Both compare ranges (dcbf6e3..d9c63ff and 23e1dff..3472132) contain only bug fixes and a patch version bump. No public API, signature, or required-argument changes — so existing oMLX adapters (VLMModelAdapter, BatchedEngine, scheduler integration with BatchGenerator, Gemma 4 tool-call paths) should be fully compatible.
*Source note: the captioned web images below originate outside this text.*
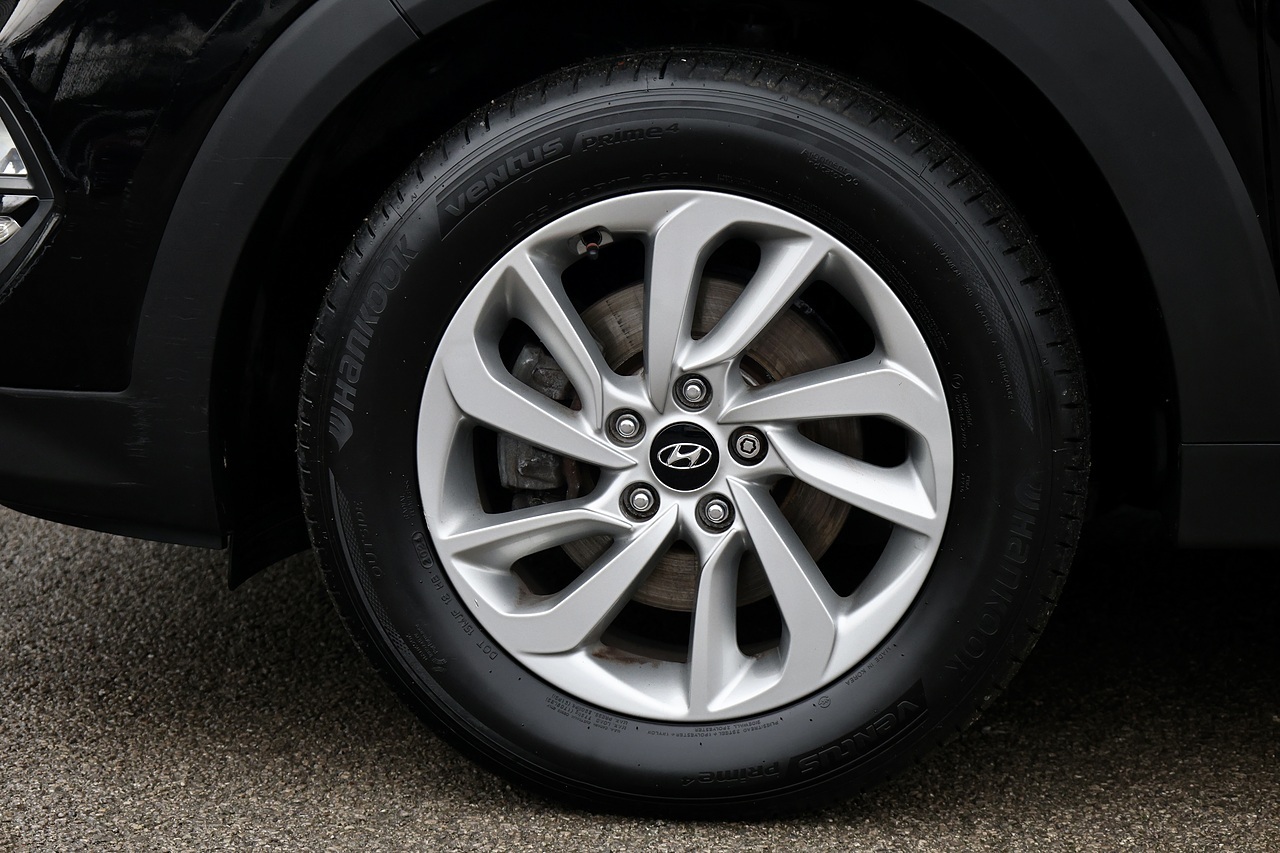 Hyundai Tucson CRDI SE Nav 1 Former Keeper + Manual + 2WD + £35 RFL + Heated Seats - Large 27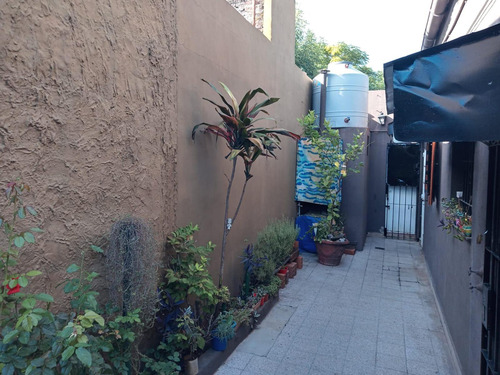 Casa En Venta - 2 Dormitorios 2 Baños - Local - 334mts2 - Burzaco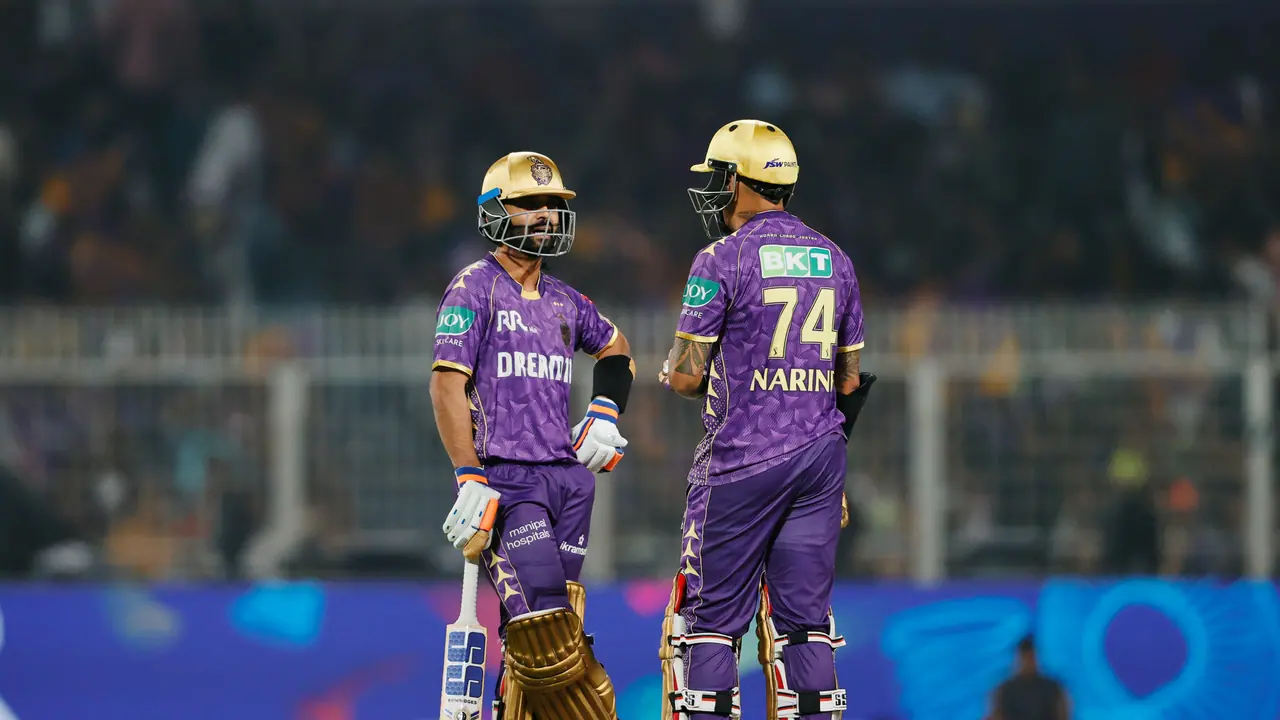 രണ്ട് വിക്കറ്റ് നഷ്ടത്തിനിടയിലും കൊല്ക്കത്ത നൈറ്റ് റൈഡേഴ്സ് വിജയത്തിലേക്ക്; പഞ്ചാബ് പ്രതിരോധത്തില് രണ്ട് വിക്കറ്റ് നഷ്ടത്തിനിടയിലും കൊല്ക്കത്ത നൈറ്റ് റൈഡേഴ്സ് വിജയത്തിലേക്ക്; പഞ്ചാബ് പ്രതിരോധത്തില്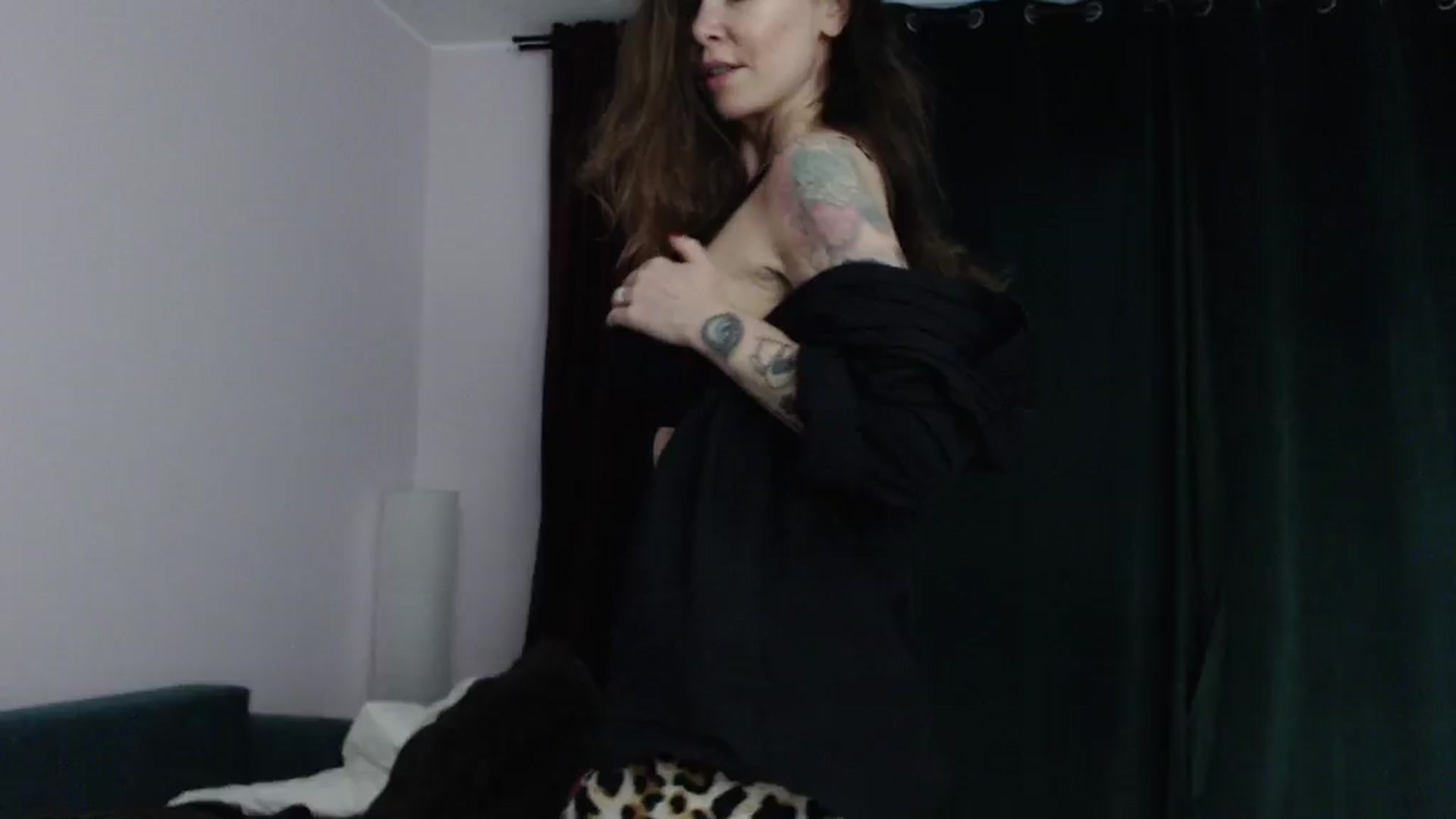 Gallery image thumbnail from Delilah_sweet's myfreecams stream on, 05/19/2025, 18:22 image 4 of 20
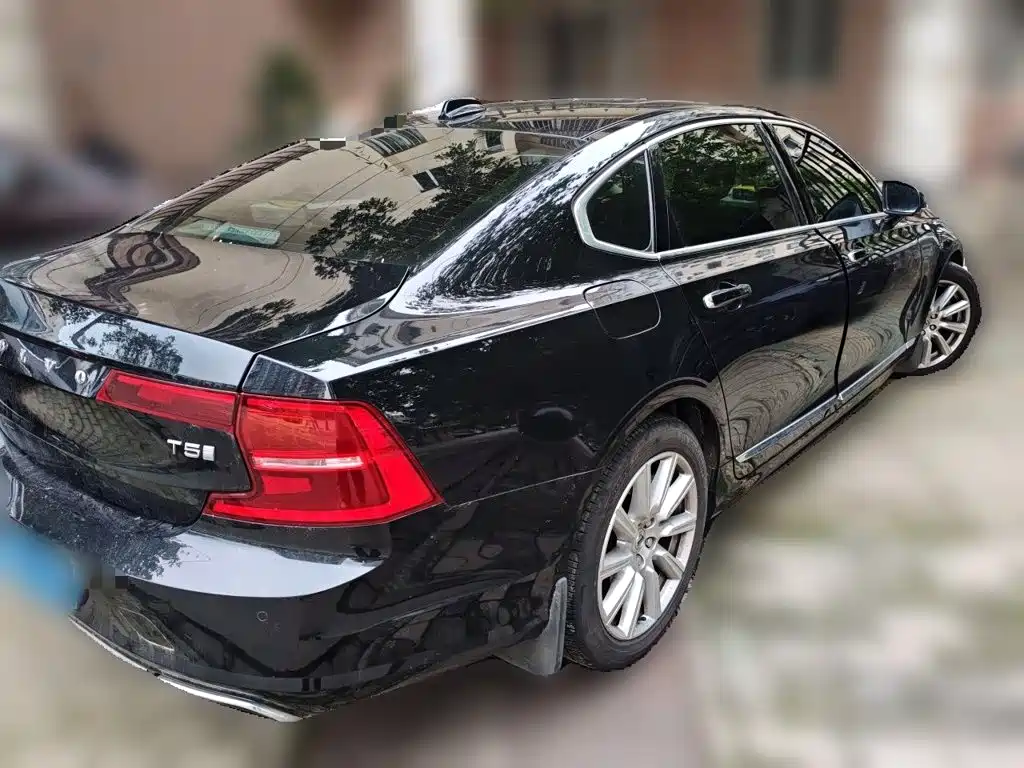 Volvo S90 — фото 4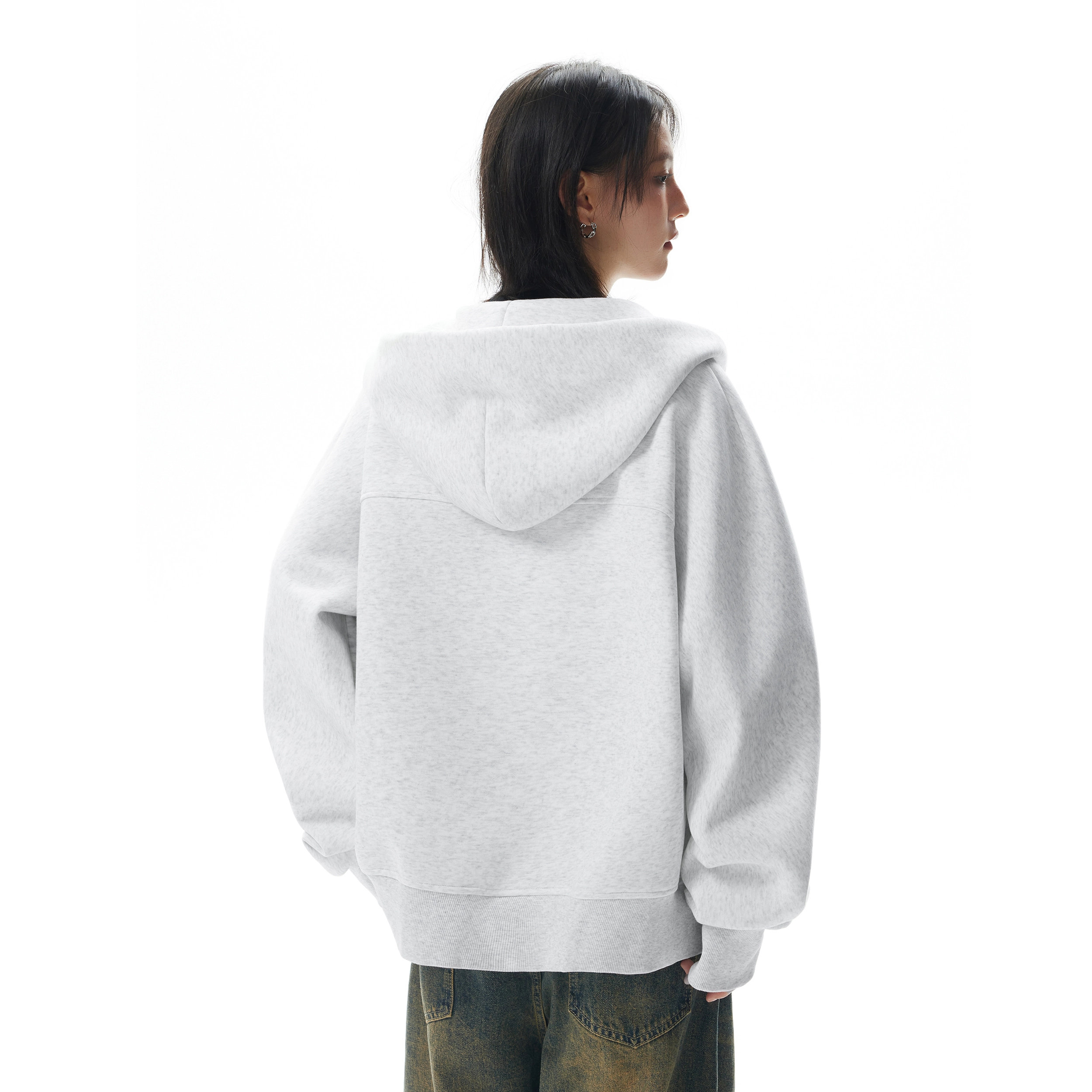 HOKLV SS25logocleanfit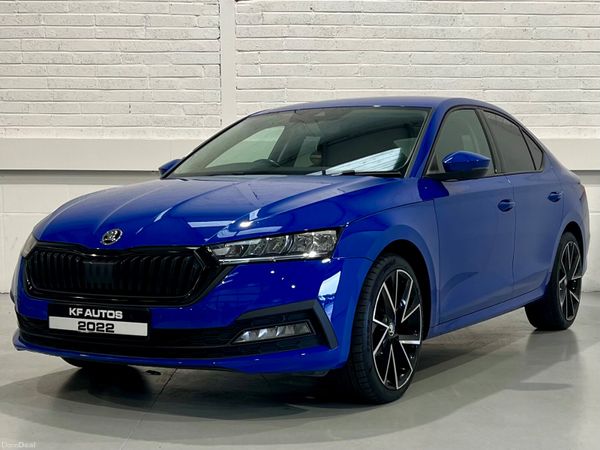 Skoda Octavia Hatchback, Diesel, 2022, Blue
Rationale for picking HEAD of both main branches:

  • mlx-vlm@3472132 includes the Gemma 4 hyphenated-tool-name fix, which improves OpenAI-spec compliance for oMLX's Gemma 4 tool-calling path.
  • mlx-vlm@3472132 also fixes a TurboQuant kernel race that can affect quantized VLMs under oMLX continuous batching.
  • mlx-lm@d9c63ff is just a patch-version bump; staying in lockstep keeps the override free of surprises.

Test plan

  • pip install -e . resolves against the new git pins in a clean venv
  • pytest -m "not slow" passes
  • Smoke test: load a Gemma 4 VLM + hyphenated tool name → parsed correctly
  • Smoke test: load a quantized VLM under --max-concurrent-requests 8 → no TurboQuant race
  • packaging/build.py --skip-venv still builds the app bundle without resolver errors

mlx-lm: dcbf6e3 -> d9c63ff (v0.31.3 patch bump, #1124)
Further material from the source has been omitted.